Actually, with DBCS codepages like 936, wouldn't that also end up with wide glyphs? (no idea whether inc_cursor is similarly incorrect in this case, but I'd guess yes).

That being said, if the cursor forwards badly on win 7/8 without inc_cursor then I think we're stuck with that even if it's not incremented correctly...

Hold on for now. I haven't looked at the case-insensitive tab completion yet

Well, that part is not touched at the fixup commit, but holding on for now anyway.

avih commented 1 year ago

So, for some reason I thought the remaining 3 mingw code-blocks conditions were needed for compilation, but apparently they're not, so the 2nd fixup commit I just pushed reverts them.

After the 2 fixups, no flipped preprocessors conditions remain, and it compiles and seems working.

However, the code which replaces the prefix with a case-correct version (e.g. so that ~/desk tab-complete to ~/Desktop/) only exists at the non-unicode path, and so this still doesn't work.

It's now less likely to have lurking bugs, but it's still possible if some of the relevant mingw code which handles case sensitivity is only compiled without unicode support - just like the case-correct prefix update code (though the case-correct-update is unlikely to have lurking bugs, othre than the obvious that it doesn't work).

But with the 2nd fixup it's even less intrusive than before, so that's better.

Another thing which I noticed with cmd.exe console window and Windows terminal 1.18 (but not WT 1.17) is that typing can be a bit wonkey, especially when typing non-ASCII chars quickly-ish.

It seems like that when typing with one finger (i.e. that each key is depressed before the next one is pressed) works OK, but when typing fast (e.g.

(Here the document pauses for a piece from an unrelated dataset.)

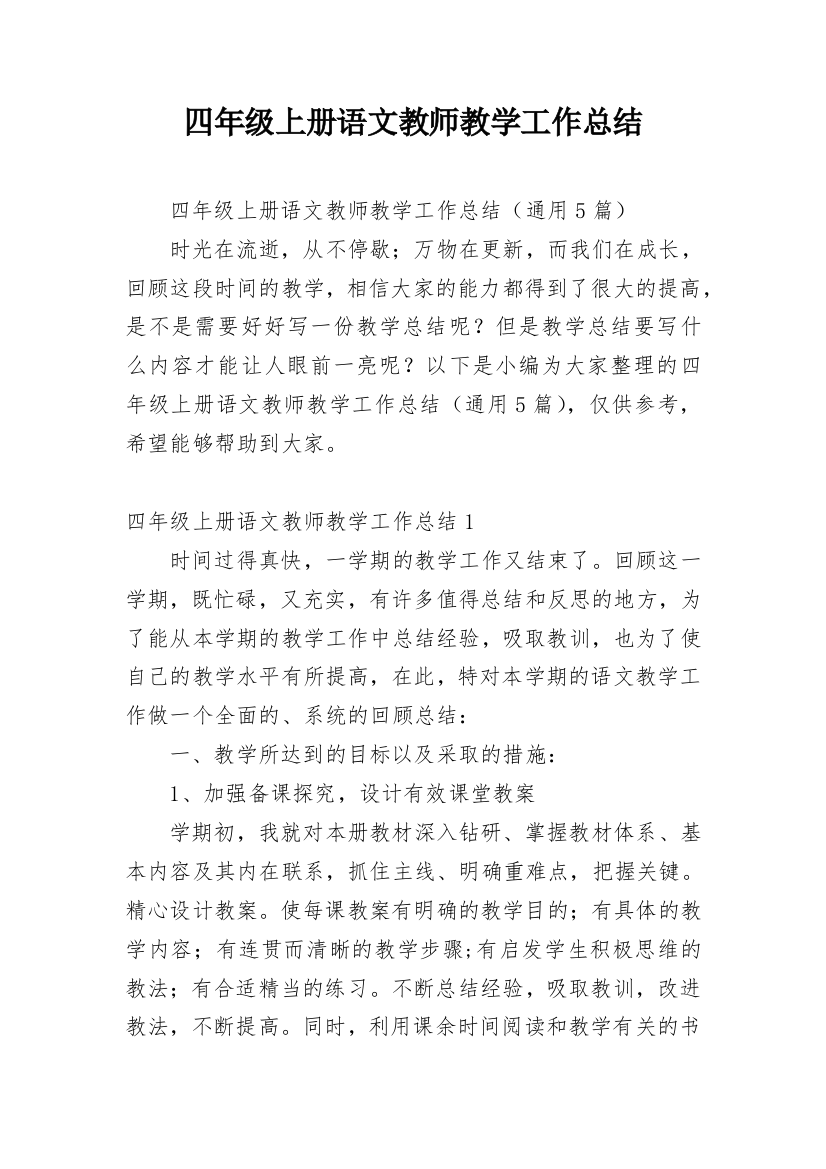 四年级上册语文教师教学工作总结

F-down O-down F-up O-up, assuming the KB is in non-en mode and F and O produce non-ASCII chars), then it produces some incorrect repeatitions of the keys.

I'm going to assume that this is a ReadConsoleInput_utf8 issue, possibly related to the missing-key-down workaround - which is indeed applied only for codepoints > 127, so I'll look into that too.

It's weird that I never noticed it before though, not sure why...

@rmyorston can you reproduce the quick unicode typing issue in busybox-w32 with unicode?

avih commented 1 year ago

I'm going to assume that this is a ReadConsoleInput_utf8 issue, possibly related to the missing-key-down workaround

It was indeed this.

Fixed by force-pushing a commit "win32: UTF8 input: improve missing-key-down hack" before the others (the other commits are unmodified, and the two fixup commits stil await squashing into "win32: support interactive unicode-aware editing").

avih commented 1 year ago

so I recommend changing the code to:

I updated the comment regarding inc_corsor at the first fixup, and added a commit which changes the condition as suggested.

Since the unicode-editing commit currently (after the fixups) doesn't modify any existing mingw preprocessor conditions, the remaining question is whether there are lurking bugs introduced by enabling CONFIG_UNICODE_SUPPORT which result from some existing mingw code which was only added to to code-paths without unicode support.

We already know about the missing tab-completion-prefix-case-update issue, but there could be others, possibly more severe.

avih commented 1 year ago

Fixed by force-pushing a commit "win32: UTF8 input: improve missing-key-down hack"

And this introduced a regression where it incorrectly adds a false ENTER on launch (the key-up of ENTER after launching busybox doesn't have a matching ENTER-down, so it changes this up to down).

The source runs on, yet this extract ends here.